- INPUT -

'''

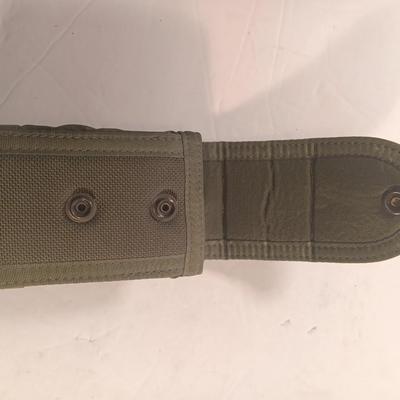 Military Issued 45 Magazine canvas belt pouch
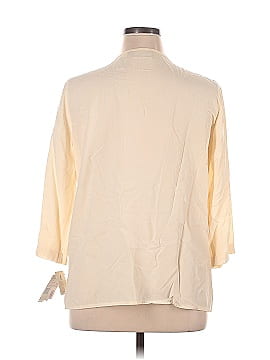 Liz Claiborne 3/4 Sleeve Blouse (view 2)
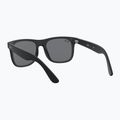 Окуляри сонцезахисні дитячі Ray-Ban Justin matt rubber black/blue mirror 5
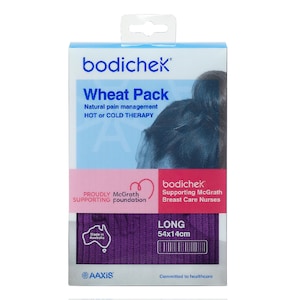 Bodichek Hot/Cold Wheat Pack Long Narrow Assorted Colours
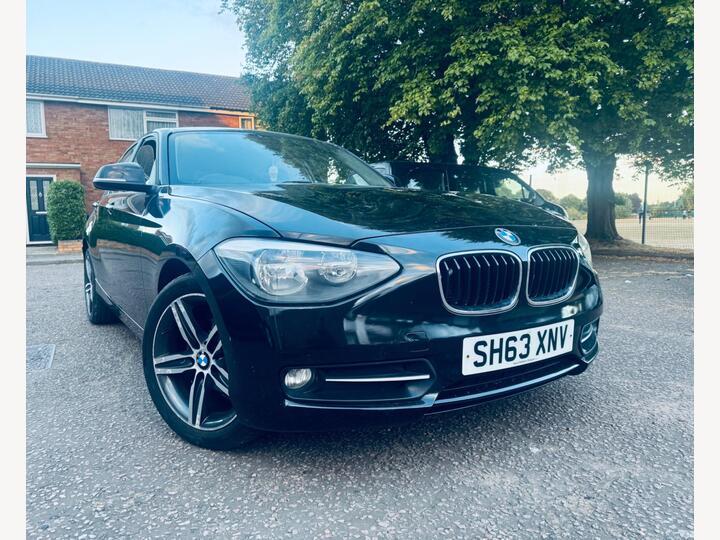 BMW 1 Series 2.0 116d Sport Euro 5 (s/s) 5dr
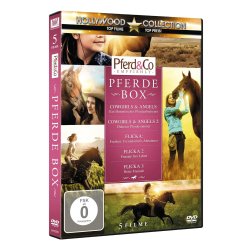 Pferde Box - 5 Filme  5 DVDs/NEU/OVP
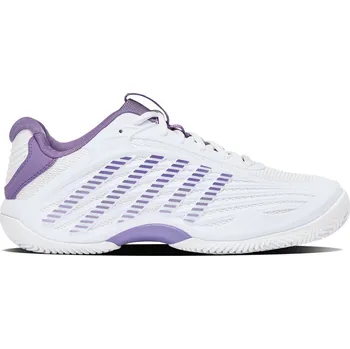 Dámská tenisová obuv Dámská tenisová obuv K-Swiss Hypercourt Express 3 Clay White/Purple EUR 38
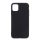 Protector de telefon din silicon (mat) NEGRU Apple iPhone 11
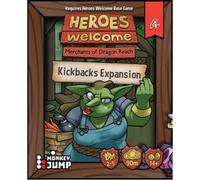 Heroes Welcome: Kickbacks Expansion - Brand New And Sealed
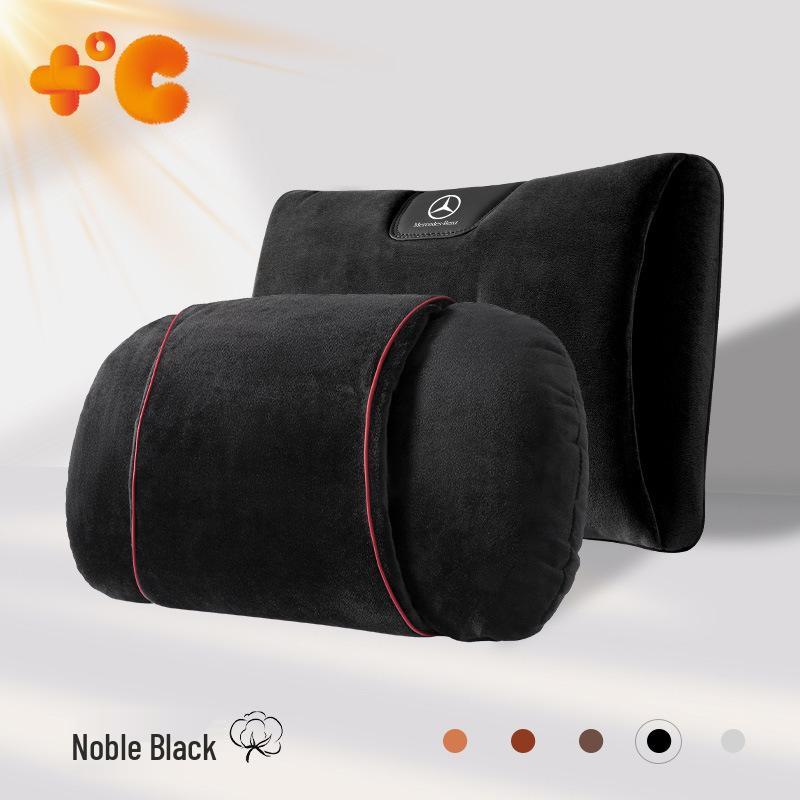 Зимние чехлы на сиденья для Haval Big Dog 2-го поколения H6 с фланелевым подголовником и поясничной поддержкой "Raptor"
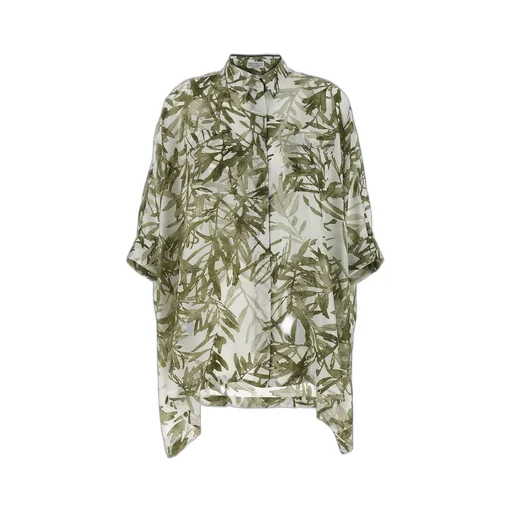 Graphic Printed Buttoned Shirt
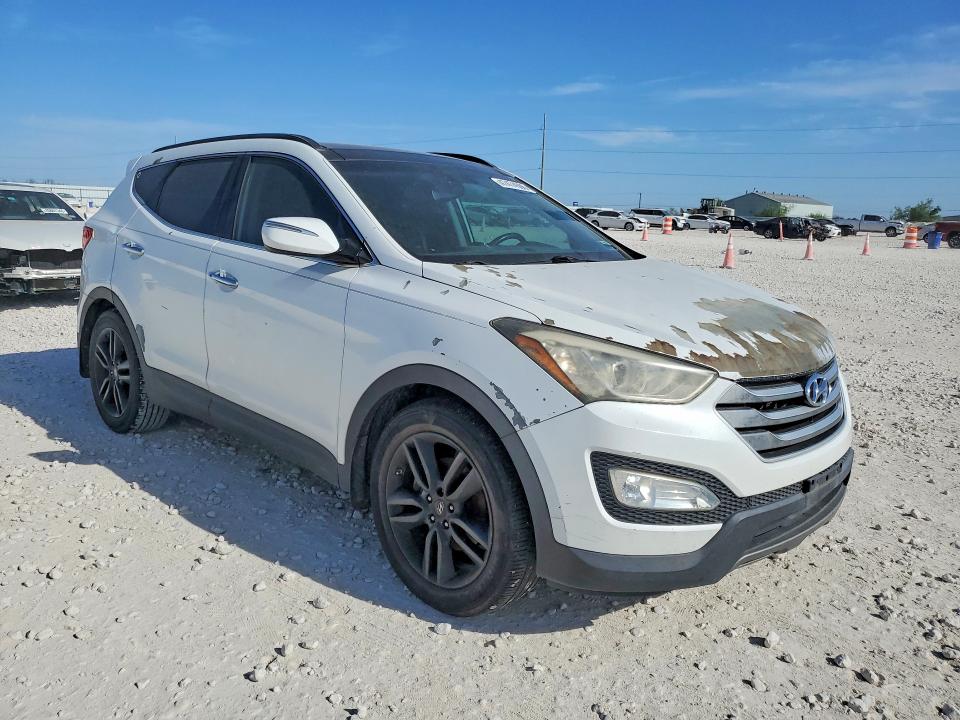2015 Hyundai Santa Fe Sport მანქანა იყიდება აუქციონზე, vin: 5XYZW4LA7FG268385, აუქციონის ნომერი: 47474506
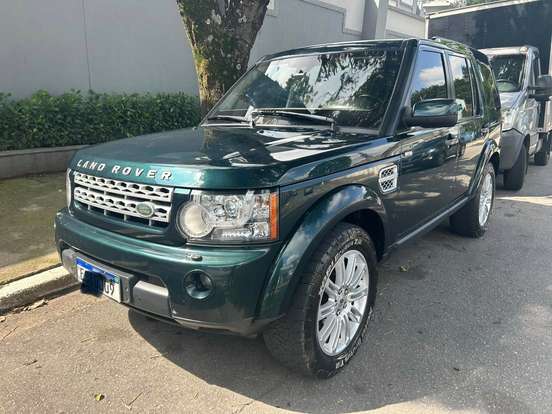 LAND ROVER-DISCOVERY 4-2012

'''

- EXERCISE AIM -
No pictures belong in the copy: reproduce exactly the lines above from the one that contains "Graphic Printed Buttoned Shirt" through the last line of the entries.

- THE ANSWER -
 Graphic Printed Buttoned Shirt
2015 Hyundai Santa Fe Sport მანქანა იყიდება აუქციონზე, vin: 5XYZW4LA7FG268385, აუქციონის ნომერი: 47474506
 LAND ROVER-DISCOVERY 4-2012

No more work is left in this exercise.